====== Available data
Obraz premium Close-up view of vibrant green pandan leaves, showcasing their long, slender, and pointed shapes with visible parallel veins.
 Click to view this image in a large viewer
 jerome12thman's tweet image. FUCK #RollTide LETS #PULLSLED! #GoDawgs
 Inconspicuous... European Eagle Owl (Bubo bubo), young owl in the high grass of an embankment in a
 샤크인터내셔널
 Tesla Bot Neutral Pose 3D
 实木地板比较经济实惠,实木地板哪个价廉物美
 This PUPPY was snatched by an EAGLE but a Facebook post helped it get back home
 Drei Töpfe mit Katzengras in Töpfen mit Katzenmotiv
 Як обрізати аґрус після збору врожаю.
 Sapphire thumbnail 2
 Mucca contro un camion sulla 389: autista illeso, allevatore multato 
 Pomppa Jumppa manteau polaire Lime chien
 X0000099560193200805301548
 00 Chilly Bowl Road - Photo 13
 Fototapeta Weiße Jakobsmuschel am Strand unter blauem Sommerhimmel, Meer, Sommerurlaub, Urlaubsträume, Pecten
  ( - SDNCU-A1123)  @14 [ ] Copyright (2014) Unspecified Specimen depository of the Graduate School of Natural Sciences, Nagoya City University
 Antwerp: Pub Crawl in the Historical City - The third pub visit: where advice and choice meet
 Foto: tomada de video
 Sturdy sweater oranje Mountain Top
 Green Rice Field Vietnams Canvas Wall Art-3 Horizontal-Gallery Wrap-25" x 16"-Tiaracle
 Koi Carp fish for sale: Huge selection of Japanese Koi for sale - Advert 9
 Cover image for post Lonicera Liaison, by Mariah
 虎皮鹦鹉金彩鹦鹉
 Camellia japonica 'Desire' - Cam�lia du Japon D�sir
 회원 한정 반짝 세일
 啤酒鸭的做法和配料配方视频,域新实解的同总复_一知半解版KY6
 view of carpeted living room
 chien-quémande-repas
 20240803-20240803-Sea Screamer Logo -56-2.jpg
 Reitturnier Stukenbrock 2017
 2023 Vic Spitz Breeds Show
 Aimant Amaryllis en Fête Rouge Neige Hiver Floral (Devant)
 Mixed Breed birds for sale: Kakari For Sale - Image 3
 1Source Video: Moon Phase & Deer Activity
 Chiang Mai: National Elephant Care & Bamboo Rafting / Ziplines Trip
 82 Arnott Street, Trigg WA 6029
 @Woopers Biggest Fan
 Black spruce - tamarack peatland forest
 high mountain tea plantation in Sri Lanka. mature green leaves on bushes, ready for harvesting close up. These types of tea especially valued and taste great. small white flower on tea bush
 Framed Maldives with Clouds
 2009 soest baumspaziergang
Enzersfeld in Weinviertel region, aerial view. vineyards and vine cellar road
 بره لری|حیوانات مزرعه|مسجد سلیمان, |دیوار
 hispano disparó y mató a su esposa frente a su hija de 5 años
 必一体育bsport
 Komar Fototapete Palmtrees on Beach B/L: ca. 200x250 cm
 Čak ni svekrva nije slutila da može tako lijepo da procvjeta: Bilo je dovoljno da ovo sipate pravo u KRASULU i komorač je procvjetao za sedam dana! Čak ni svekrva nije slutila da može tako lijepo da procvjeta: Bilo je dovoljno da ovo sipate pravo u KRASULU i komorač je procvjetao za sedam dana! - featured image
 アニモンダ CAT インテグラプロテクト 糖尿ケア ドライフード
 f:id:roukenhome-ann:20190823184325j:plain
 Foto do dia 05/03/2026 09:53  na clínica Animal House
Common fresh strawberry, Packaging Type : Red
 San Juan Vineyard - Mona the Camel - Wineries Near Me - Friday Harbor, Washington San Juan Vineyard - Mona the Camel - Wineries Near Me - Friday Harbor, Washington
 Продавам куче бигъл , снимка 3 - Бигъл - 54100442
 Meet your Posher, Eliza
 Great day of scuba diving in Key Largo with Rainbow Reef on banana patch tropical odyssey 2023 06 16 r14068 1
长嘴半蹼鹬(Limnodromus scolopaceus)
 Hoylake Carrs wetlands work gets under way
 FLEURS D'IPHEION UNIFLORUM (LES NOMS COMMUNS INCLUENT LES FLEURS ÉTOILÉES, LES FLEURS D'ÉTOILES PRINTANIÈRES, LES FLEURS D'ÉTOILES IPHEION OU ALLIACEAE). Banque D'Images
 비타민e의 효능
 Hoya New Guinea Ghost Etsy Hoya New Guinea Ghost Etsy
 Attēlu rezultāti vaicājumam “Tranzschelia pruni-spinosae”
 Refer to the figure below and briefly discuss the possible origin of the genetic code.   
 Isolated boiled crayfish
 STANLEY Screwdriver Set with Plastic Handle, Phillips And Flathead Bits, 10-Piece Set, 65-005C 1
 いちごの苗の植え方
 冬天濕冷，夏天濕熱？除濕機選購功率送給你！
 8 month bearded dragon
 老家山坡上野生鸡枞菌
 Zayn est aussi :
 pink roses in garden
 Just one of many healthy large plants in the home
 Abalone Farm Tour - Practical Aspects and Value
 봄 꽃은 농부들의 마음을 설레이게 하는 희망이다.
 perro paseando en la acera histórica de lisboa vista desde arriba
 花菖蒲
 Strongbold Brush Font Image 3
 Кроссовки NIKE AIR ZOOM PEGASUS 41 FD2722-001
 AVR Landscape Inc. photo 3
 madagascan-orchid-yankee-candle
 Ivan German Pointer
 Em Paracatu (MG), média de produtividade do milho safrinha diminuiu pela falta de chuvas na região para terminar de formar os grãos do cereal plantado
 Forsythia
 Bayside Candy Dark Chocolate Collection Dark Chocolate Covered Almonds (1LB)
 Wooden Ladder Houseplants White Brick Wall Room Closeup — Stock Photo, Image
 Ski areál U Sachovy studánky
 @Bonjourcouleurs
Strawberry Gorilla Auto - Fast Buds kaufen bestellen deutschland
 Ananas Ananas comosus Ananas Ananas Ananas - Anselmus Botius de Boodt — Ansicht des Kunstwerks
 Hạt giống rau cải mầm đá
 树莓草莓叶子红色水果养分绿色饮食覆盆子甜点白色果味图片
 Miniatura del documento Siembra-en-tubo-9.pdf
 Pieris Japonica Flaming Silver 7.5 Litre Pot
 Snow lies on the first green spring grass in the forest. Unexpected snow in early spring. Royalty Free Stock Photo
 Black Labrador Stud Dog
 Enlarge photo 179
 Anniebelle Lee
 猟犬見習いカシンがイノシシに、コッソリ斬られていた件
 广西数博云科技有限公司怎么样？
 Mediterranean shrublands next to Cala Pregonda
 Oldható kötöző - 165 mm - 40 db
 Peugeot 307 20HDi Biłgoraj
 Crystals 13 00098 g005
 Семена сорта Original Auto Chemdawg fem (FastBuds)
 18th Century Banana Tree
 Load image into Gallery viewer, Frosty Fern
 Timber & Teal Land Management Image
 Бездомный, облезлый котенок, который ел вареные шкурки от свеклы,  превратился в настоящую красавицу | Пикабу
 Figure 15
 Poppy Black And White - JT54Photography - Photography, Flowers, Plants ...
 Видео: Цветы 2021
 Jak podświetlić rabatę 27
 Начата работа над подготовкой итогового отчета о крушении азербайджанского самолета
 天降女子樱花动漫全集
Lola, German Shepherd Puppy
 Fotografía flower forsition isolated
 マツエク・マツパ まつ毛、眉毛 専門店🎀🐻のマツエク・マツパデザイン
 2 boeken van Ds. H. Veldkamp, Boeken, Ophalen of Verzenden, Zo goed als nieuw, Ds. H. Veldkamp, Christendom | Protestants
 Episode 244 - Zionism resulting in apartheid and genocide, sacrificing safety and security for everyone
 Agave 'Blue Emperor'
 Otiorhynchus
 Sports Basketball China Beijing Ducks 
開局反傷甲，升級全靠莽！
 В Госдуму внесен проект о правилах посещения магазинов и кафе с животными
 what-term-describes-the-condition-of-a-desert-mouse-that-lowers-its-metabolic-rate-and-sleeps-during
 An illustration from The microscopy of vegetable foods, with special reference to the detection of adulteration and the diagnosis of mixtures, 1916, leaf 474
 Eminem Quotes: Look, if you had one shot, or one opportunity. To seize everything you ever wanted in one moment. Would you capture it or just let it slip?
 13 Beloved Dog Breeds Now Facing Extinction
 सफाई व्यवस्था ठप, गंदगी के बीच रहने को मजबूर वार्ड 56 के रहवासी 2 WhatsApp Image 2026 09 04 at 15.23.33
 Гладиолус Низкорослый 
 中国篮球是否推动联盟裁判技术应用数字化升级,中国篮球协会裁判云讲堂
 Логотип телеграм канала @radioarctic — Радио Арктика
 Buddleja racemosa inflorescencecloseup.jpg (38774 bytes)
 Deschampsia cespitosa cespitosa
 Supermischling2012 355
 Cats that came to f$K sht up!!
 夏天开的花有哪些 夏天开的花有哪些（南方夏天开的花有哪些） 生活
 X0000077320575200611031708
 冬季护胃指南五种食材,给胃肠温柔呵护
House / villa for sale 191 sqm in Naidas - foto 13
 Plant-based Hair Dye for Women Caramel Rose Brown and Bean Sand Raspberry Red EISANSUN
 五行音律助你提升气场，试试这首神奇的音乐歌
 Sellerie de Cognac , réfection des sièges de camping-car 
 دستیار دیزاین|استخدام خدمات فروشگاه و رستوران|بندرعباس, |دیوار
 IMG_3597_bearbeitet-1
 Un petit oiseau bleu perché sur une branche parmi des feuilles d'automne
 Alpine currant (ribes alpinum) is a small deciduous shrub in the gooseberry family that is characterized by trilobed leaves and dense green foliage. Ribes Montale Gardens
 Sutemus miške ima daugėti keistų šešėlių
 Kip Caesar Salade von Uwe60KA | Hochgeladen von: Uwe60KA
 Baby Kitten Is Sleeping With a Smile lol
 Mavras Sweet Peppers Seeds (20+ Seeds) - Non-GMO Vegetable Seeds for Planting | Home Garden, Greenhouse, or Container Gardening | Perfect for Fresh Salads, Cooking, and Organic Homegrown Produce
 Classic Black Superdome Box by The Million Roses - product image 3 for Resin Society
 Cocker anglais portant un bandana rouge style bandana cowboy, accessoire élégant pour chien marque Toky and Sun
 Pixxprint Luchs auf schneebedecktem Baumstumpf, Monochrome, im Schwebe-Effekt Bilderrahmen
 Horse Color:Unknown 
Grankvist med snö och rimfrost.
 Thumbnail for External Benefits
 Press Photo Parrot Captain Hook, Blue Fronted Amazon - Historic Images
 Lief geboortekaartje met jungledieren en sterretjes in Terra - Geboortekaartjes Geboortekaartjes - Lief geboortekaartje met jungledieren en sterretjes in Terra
============
Prompt:
If a line contains the word "Black", it counts; say how many such lines there are in the data above, and nothing else.

Problem solution:
4